**YOUR OBJECTIVE:** When you reach the line containing "Photo of property" in the data below, begin returning lines exactly as written, and stop once the line containing "New Balance 598" has been returned.

**DATA SUPPLIED:**
•••••

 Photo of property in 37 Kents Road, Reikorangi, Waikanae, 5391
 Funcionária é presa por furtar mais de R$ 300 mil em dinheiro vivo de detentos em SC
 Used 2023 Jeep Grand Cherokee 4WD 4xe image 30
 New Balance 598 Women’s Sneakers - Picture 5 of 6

•••••

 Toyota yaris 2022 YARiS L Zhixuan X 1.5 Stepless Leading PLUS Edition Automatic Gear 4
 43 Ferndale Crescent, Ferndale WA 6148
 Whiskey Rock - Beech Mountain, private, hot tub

•••••

**RESULT FOR THIS EXERCISE:**
 Photo of property in 37 Kents Road, Reikorangi, Waikanae, 5391
 Funcionária é presa por furtar mais de R$ 300 mil em dinheiro vivo de detentos em SC
 Used 2023 Jeep Grand Cherokee 4WD 4xe image 30
 New Balance 598 Women’s Sneakers - Picture 5 of 6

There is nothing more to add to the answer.